In this challenge we will work on the Pokemon dataset you have already used. The goal is to test whether different groups of pokemon (e.g. Legendary vs Normal, Generation 1 vs 2, single-type vs dual-type) have different stats (e.g. HP, Attack, Defense, etc.). Use pokemon.csv

In [94]:
# Your code here:
pokemon = pd.read_csv('pokemon.txt')
pokemon = pokemon.reset_index(drop=True)
pokemon = pokemon.drop(['#'], axis=1)
display(pokemon.head(),pokemon.shape)

Unnamed: 0,Name,Type 1,Type 2,Total,HP,Attack,Defense,Sp. Atk,Sp. Def,Speed,Generation,Legendary
0,Bulbasaur,Grass,Poison,318,45,49,49,65,65,45,1,False
1,Ivysaur,Grass,Poison,405,60,62,63,80,80,60,1,False
2,Venusaur,Grass,Poison,525,80,82,83,100,100,80,1,False
3,VenusaurMega Venusaur,Grass,Poison,625,80,100,123,122,120,80,1,False
4,Charmander,Fire,,309,39,52,43,60,50,65,1,False


(800, 12)

**Our goal** is to see whether there is a significant difference between each Pokemon's defense and attack scores. **Our hypothesis is that the defense and attack scores are equal**. Compare the two columns to see if there is a statistically significant difference between them and comment your result.
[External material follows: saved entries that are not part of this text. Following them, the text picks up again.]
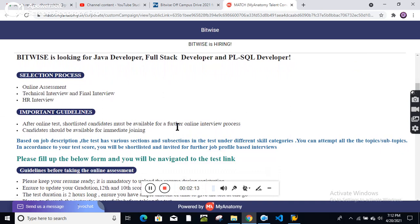You will get the apply link in the description box below. Kindly check it and apply. Thank you.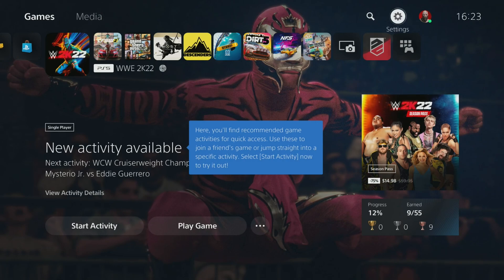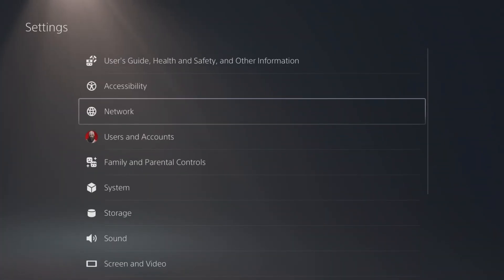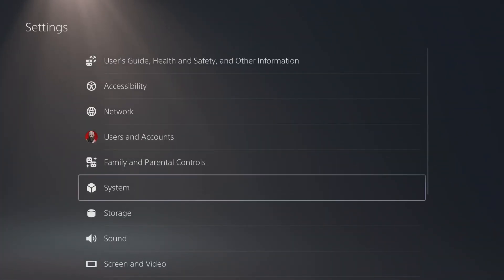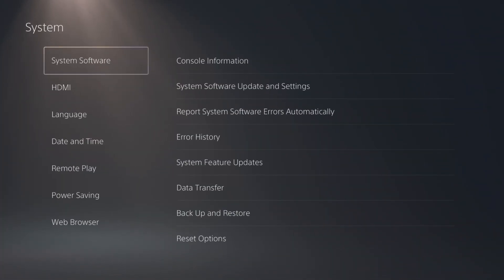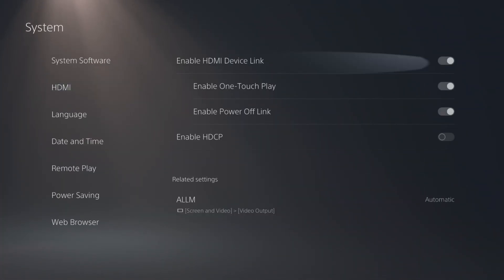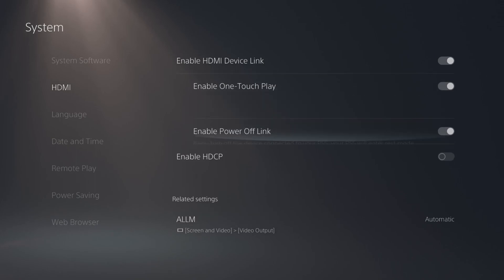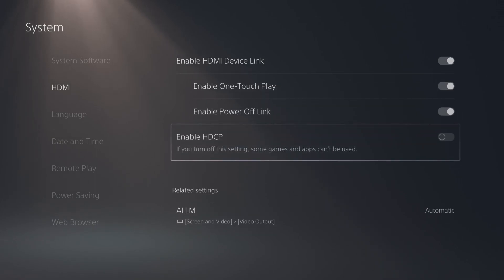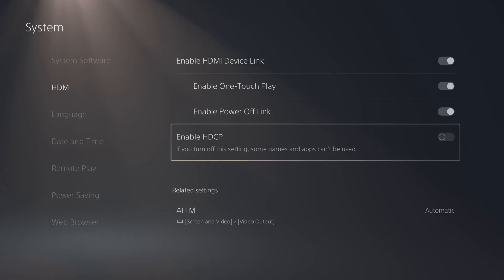To turn HDCP on and off, go to Settings, then go to System. From System, go to HDMI. Then you will see HDCP here. If you turn it on, then you won't get a signal for your capture card, so turn it off.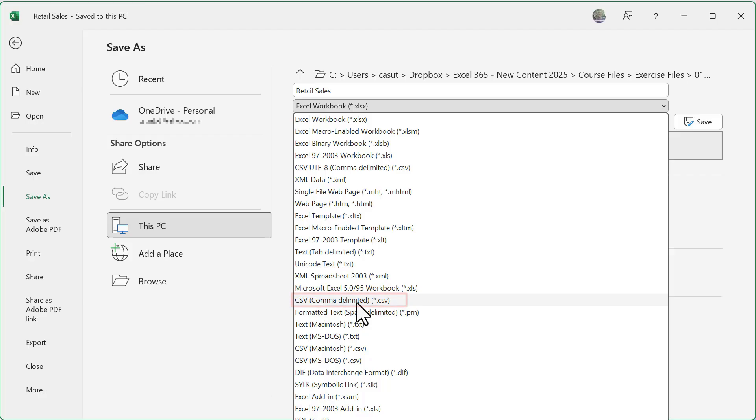Now, why would you want to do that? Well, you might be working with people who do not have Excel, but you still want them to be able to read it. Then you can save it as a CSV file. You also might be exporting this to an external web-based format and it only reads it as a CSV.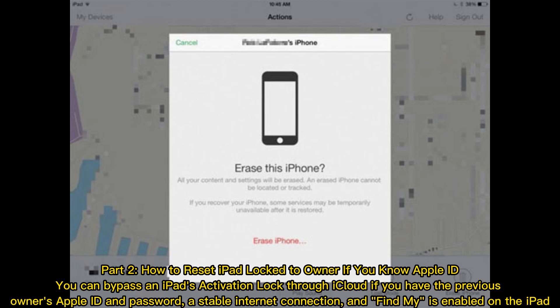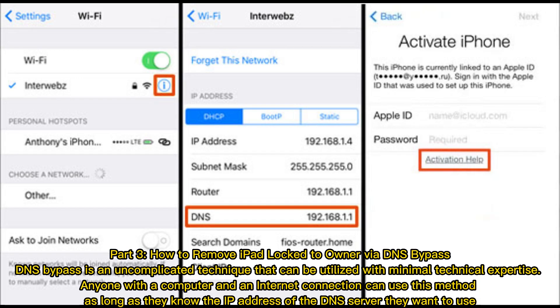A stable internet connection and Find My must be enabled on the iPad. Part 3: How to remove iPad locked to owner via DNS bypass. DNS bypass is an uncomplicated technique that can be utilized with minimal technical expertise.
#### First we want to define a function with which we can test the means of a feature set of two samples. 

In the next cell you'll see the annotations of the Python function that explains what this function does and its arguments and returned value. This type of annotation is called **docstring** which is a convention used among Python developers. The docstring convention allows developers to write consistent tech documentations for their codes so that others can read. It also allows some websites to automatically parse the docstrings and display user-friendly documentations.
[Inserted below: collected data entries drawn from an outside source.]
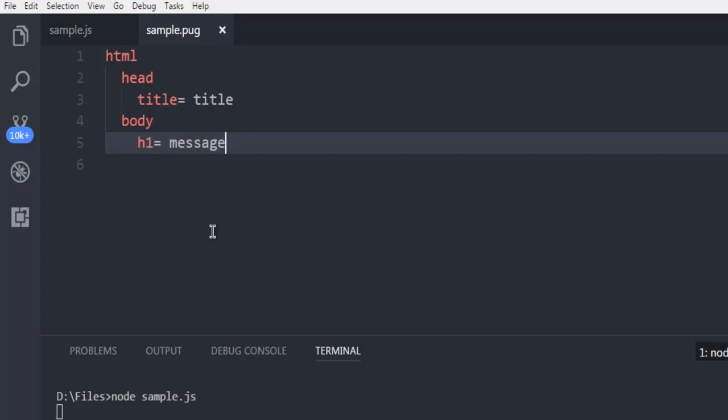So that being said, this is our simple demo on how to use Pug template with Node.js and Express.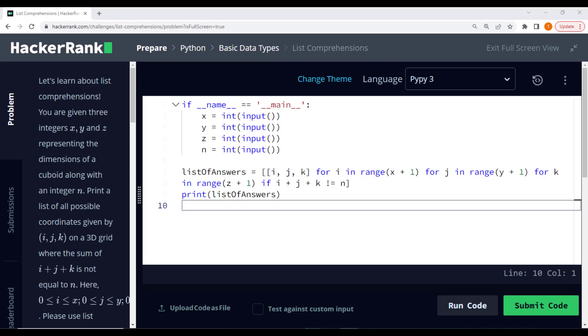Next, we have three nested range functions that iterate over all possible values of i, j, and k. The range functions are defined based on the given dimensions x, y, and z.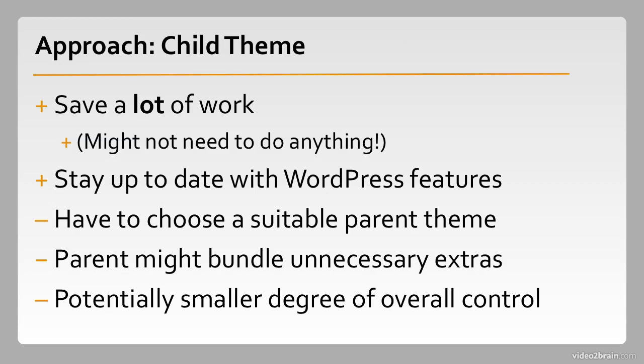And just in general, when you're building a child theme, you do lose a certain degree of overall control. The fact that you get a lot of features from your parent theme is great, but if you want total control over every last detail, child theming might not be for you.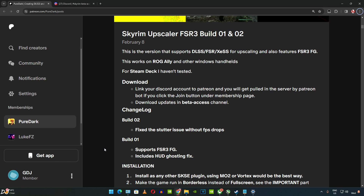Welcome back guys. In this video, I will be showing you how to install PureDark's FSR3 Frame Generation Mod in Skyrim Special Edition. We will be running the game on my Windows PC that has an RTX 2070 Super GPU. This mod works on any GPU, whether it's from Intel, Nvidia, or AMD — it does not matter.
Follow the specifications of the docstring and complete the function.

In [95]:
from scipy.stats import ttest_ind

def t_test_features(s1, s2, features=['HP', 'Attack', 'Defense', 'Sp. Atk', 'Sp. Def', 'Speed', 'Total']):
    """
    Test the means of a feature set of two samples using a two-sample t-test
    
    Args:
        s1 (dataframe): sample 1
        s2 (dataframe): sample 2
        features (list): an array of features to test
    
    Returns:
        dict: a dictionary of t-test scores for each feature where the feature name is the key and the p-value is the value
    """
    
    # Calculate the t-test p-value for each feature in the feature list
    results = {}
    for feature in features:
        t, p = ttest_ind(s1[feature], s2[feature], equal_var=False) #st.ttest_ind?
        results[feature] = p
    
    # Return the dictionary of t-test p-values
    return results


#### Using the `t_test_features` function, conduct t-test for Lengendary vs non-Legendary pokemons.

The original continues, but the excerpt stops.